After traversing from Bridgeport, to Milford, to New Haven in specialized Japanese/Chinese produce stores, every location either was out of stock or didn’t carry the powder. We were starting to think all hope was lost, and then, our glorious savior prevailed: Walmart. After accruing all of the holy ingredients, we began the process of cooking. I won’t go into detail about every step, because ultimately the recipe will do that far more eloquently and beautifully than I do. However, I will go over the major steps and provide photos of the biggest and most insurmountable challenges we faced. Also, for clarification, while some recipes of matcha Swiss roll have normal cream or fruit fillings, we chose to do a matcha cream inside.

Our first step in the process was creating our matcha flour for the roll. We began by separating egg whites and yolks and then sifting our cake flour and matcha powder together thoroughly, ultimately mixing them all together with some warm milk to provide the green dough you see in the image below. The recipe is like a banshee, it lures you in by seeming super inviting and then on step 5 when you’re too deep to back out it hits you with the worst tidal wave of complex cooking steps you’ve ever encountered. We then had to lay the dough out flat in a sheet pan in preparation to bake it for the first time. I’m really not sure why that lump is there in the photo but we fixed that in post. We then baked the mix for 10 minutes, and then came the first step of death: rolling.

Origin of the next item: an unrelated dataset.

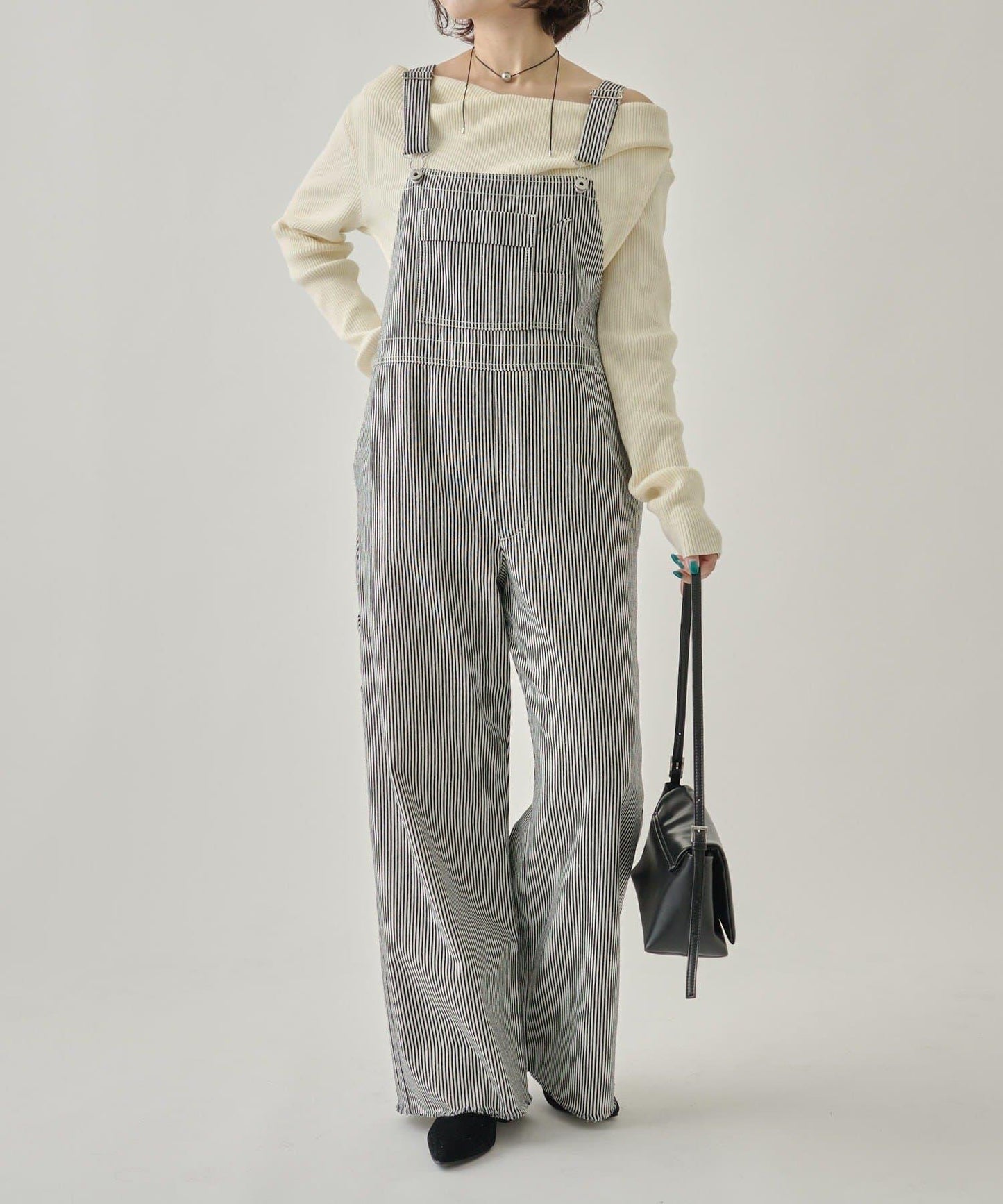 背部設計連體褲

We had to roll the cake with parchment paper spiraling between layers to prevent the dough from sticking during baking. This resulted in this chimera of paper and cake mix, that you see to the side. 

We then let the log of matcha cool in the fridge for about 30 minutes while we made the cream. The cream itself was relatively simple, you basically just prepared normal whipping cream with some more matcha powder and a tiny amount of sugar. After the cream was prepared and the roll had been cooled, it was time for the second step of death: unrolling. With YouTube comments often citing that this is where things fall apart, we were extraordinarily careful when unrolling our Swiss roll. 

Ultimately, we were blessed that it came undone pretty easily, and we lathered on the cream. We then rolled it back up into its log form, wrapped it in parchment paper, and let it cool for about 3 hours. When we took it out of the fridge, the next step was to cut the edges off of the cake to show off the swirling of the cream and make it look nice and neat, and to the right, you’ll see the final product of our hard work. The most important step, obviously, was to taste our invention. The final verdict: personally, I loved the cake and I loved how it tasted. But my Italian-American chef of an aunt did not. I think this is largely due to a couple of factors that will be addressed in the next and final chapter of this anthology.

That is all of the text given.